What happened
Published June 8, 2026, this interim RAND–Oxford Programme for Cyber and Technology Policy report proposes a five-domain bilateral security framework for coordinating U.S.-UK efforts to protect frontier AI development. The five domains — access and interfaces, development and supply chain, monitoring and response, personnel security, and physical security — are designed to map directly to real-world threat vectors. The report argues that bilateral cooperation between the U.S. and UK is the most effective means to 'harmonize protective controls, enhance threat intelligence-sharing, and build security interoperability across U.S. and UK AI infrastructure,' while avoiding burdensome regulation. The modular structure allows both governments to prioritise highest-impact protections and adapt to evolving risks without wholesale organisational changes.

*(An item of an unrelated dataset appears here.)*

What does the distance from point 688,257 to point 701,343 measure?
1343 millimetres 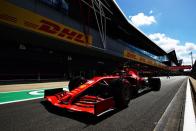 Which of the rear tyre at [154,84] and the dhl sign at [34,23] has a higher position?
the dhl sign at [34,23]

The framework explicitly addresses both technical practices and policy interventions in parallel, translating shared security objectives into coordinated bilateral action.
Why it matters
This report directly responds to the Trump AI Executive Order (signed June 2) and the intensifying U.S.-UK security coordination on frontier AI. CISOs at companies with operations in both countries, and government contractors, should expect the framework's five-domain structure to shape upcoming bilateral agreements and procurement requirements.
Action needed
Map your organisation's current frontier AI security controls against the report's five-domain taxonomy and identify gaps that could become compliance requirements under forthcoming U.S.-UK bilateral arrangements.